- **WHAT THE TASK ASKS**: Restate word for word the lines of the records below, starting at the line that contains "Set of 3 cream bud vases" and ending at the line that contains "713 E Elmwood Street Park City KS 67147", with both of those lines included and nothing else.

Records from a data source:
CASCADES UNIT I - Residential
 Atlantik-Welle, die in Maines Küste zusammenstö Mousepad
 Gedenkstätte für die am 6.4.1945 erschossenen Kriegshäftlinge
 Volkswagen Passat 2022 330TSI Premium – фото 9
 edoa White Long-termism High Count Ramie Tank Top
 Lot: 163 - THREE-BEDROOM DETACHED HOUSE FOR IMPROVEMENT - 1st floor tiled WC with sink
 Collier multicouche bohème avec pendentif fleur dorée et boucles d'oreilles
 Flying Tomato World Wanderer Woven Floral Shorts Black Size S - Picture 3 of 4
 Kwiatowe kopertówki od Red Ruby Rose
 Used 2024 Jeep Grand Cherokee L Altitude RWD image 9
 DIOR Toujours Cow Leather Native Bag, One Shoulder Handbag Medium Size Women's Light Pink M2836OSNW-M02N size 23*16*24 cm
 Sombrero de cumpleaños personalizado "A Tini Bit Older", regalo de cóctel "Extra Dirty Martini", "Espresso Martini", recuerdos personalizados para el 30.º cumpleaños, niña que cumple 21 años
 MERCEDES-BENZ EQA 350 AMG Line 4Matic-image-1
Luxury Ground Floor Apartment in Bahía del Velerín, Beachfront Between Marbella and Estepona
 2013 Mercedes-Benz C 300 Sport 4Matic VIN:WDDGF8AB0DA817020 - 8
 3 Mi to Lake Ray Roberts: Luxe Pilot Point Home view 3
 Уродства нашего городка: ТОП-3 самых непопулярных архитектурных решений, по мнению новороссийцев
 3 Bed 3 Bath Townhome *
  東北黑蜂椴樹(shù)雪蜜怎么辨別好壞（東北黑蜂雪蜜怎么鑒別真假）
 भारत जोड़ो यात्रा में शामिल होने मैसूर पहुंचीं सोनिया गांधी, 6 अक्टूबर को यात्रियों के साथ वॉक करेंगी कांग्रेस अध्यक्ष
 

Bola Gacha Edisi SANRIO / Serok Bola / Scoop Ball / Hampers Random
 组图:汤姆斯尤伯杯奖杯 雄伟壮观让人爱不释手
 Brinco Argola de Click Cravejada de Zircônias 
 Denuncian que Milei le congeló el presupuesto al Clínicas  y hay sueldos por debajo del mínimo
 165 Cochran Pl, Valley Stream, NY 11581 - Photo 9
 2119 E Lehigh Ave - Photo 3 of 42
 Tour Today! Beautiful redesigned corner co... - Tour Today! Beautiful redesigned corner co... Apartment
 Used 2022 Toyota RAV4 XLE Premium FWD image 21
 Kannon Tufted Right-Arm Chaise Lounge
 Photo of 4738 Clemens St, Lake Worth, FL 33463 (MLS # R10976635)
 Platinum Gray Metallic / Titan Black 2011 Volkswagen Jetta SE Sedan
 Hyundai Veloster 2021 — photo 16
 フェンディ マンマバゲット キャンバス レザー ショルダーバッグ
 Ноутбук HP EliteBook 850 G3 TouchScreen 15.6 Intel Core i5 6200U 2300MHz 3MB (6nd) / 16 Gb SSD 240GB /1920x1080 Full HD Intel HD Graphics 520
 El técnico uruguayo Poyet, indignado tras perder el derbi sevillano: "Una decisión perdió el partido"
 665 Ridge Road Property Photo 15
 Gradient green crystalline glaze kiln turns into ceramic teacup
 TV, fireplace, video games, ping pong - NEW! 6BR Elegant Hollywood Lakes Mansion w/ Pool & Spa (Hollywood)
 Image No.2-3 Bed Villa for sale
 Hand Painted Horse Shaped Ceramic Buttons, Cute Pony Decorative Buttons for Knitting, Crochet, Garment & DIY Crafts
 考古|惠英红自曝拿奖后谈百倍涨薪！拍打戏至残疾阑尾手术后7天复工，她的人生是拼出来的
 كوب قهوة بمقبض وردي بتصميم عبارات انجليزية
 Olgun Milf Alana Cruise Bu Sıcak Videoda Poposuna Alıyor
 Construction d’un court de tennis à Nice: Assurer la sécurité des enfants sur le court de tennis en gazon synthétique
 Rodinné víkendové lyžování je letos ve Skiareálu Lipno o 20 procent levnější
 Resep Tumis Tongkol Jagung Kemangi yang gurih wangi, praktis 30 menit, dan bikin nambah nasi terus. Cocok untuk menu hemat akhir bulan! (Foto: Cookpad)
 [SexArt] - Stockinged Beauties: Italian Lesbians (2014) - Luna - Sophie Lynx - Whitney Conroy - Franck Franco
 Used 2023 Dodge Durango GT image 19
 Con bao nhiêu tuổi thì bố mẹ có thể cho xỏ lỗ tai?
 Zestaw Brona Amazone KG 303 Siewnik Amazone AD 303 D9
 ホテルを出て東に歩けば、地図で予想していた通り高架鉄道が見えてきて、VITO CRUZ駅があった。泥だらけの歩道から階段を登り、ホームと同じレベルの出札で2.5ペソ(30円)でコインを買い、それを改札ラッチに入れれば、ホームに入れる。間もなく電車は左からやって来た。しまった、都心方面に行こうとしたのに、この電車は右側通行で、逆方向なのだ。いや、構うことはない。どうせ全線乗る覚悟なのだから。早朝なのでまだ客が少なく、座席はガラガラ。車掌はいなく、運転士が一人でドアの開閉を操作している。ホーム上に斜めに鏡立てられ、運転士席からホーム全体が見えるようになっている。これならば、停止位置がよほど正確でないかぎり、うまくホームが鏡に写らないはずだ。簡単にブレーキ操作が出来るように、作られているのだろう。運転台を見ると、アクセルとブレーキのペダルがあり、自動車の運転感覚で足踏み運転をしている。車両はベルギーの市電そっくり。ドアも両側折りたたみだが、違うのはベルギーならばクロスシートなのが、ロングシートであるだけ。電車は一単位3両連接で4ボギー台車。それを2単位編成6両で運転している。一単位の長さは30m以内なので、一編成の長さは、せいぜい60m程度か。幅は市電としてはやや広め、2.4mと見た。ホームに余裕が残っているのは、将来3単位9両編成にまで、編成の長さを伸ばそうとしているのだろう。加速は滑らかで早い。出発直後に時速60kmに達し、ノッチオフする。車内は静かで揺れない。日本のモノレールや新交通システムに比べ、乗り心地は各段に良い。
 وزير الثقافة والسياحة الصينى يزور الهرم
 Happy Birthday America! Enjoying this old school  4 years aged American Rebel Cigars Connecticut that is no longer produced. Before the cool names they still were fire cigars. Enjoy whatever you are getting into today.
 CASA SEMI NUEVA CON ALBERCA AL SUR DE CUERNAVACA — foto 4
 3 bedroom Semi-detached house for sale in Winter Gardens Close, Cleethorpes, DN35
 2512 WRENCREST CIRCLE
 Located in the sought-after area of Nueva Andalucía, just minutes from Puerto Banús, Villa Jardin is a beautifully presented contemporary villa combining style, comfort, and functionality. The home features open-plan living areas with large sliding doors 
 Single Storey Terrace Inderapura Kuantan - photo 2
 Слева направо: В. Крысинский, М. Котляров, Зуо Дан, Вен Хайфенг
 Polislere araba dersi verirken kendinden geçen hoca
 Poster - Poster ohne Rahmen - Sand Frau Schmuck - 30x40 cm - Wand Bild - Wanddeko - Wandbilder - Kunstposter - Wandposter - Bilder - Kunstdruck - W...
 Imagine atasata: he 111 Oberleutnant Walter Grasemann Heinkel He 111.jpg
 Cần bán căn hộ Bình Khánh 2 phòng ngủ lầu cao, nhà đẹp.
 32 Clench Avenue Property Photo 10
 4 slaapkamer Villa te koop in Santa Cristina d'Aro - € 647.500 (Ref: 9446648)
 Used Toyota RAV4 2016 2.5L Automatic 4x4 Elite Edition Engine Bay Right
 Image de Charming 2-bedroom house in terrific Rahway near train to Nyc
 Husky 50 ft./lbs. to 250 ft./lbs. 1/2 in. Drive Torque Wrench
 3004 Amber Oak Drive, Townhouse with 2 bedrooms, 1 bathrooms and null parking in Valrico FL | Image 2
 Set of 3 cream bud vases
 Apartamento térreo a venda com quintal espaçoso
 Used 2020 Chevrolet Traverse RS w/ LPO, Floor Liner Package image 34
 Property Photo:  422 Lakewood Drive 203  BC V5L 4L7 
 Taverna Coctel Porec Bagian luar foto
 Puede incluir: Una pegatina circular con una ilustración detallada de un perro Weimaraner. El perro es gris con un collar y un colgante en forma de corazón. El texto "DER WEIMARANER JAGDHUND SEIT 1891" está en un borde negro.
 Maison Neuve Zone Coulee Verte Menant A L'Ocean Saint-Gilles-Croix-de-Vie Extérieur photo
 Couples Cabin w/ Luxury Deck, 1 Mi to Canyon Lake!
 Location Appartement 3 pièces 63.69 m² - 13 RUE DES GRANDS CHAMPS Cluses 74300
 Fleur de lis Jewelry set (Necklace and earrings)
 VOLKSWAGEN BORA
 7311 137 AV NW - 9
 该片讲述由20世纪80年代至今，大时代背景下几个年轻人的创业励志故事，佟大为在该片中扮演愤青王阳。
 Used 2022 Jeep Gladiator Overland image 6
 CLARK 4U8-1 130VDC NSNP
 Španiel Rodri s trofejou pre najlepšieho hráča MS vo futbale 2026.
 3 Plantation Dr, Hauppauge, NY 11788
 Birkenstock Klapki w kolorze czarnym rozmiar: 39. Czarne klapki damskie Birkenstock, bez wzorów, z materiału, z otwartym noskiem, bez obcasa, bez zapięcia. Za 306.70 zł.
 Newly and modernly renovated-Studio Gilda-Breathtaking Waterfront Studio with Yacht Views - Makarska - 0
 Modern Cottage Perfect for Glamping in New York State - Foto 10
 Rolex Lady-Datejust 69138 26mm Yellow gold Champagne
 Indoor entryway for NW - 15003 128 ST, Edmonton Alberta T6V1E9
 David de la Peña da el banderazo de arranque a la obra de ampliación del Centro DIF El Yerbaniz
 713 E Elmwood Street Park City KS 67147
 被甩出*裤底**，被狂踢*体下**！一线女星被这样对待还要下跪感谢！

- **RESPONSE BELOW**:
 Set of 3 cream bud vases
 Apartamento térreo a venda com quintal espaçoso
 Used 2020 Chevrolet Traverse RS w/ LPO, Floor Liner Package image 34
 Property Photo:  422 Lakewood Drive 203  BC V5L 4L7 
 Taverna Coctel Porec Bagian luar foto
 Puede incluir: Una pegatina circular con una ilustración detallada de un perro Weimaraner. El perro es gris con un collar y un colgante en forma de corazón. El texto "DER WEIMARANER JAGDHUND SEIT 1891" está en un borde negro.
 Maison Neuve Zone Coulee Verte Menant A L'Ocean Saint-Gilles-Croix-de-Vie Extérieur photo
 Couples Cabin w/ Luxury Deck, 1 Mi to Canyon Lake!
 Location Appartement 3 pièces 63.69 m² - 13 RUE DES GRANDS CHAMPS Cluses 74300
 Fleur de lis Jewelry set (Necklace and earrings)
 VOLKSWAGEN BORA
 7311 137 AV NW - 9
 该片讲述由20世纪80年代至今，大时代背景下几个年轻人的创业励志故事，佟大为在该片中扮演愤青王阳。
 Used 2022 Jeep Gladiator Overland image 6
 CLARK 4U8-1 130VDC NSNP
 Španiel Rodri s trofejou pre najlepšieho hráča MS vo futbale 2026.
 3 Plantation Dr, Hauppauge, NY 11788
 Birkenstock Klapki w kolorze czarnym rozmiar: 39. Czarne klapki damskie Birkenstock, bez wzorów, z materiału, z otwartym noskiem, bez obcasa, bez zapięcia. Za 306.70 zł.
 Newly and modernly renovated-Studio Gilda-Breathtaking Waterfront Studio with Yacht Views - Makarska - 0
 Modern Cottage Perfect for Glamping in New York State - Foto 10
 Rolex Lady-Datejust 69138 26mm Yellow gold Champagne
 Indoor entryway for NW - 15003 128 ST, Edmonton Alberta T6V1E9
 David de la Peña da el banderazo de arranque a la obra de ampliación del Centro DIF El Yerbaniz
 713 E Elmwood Street Park City KS 67147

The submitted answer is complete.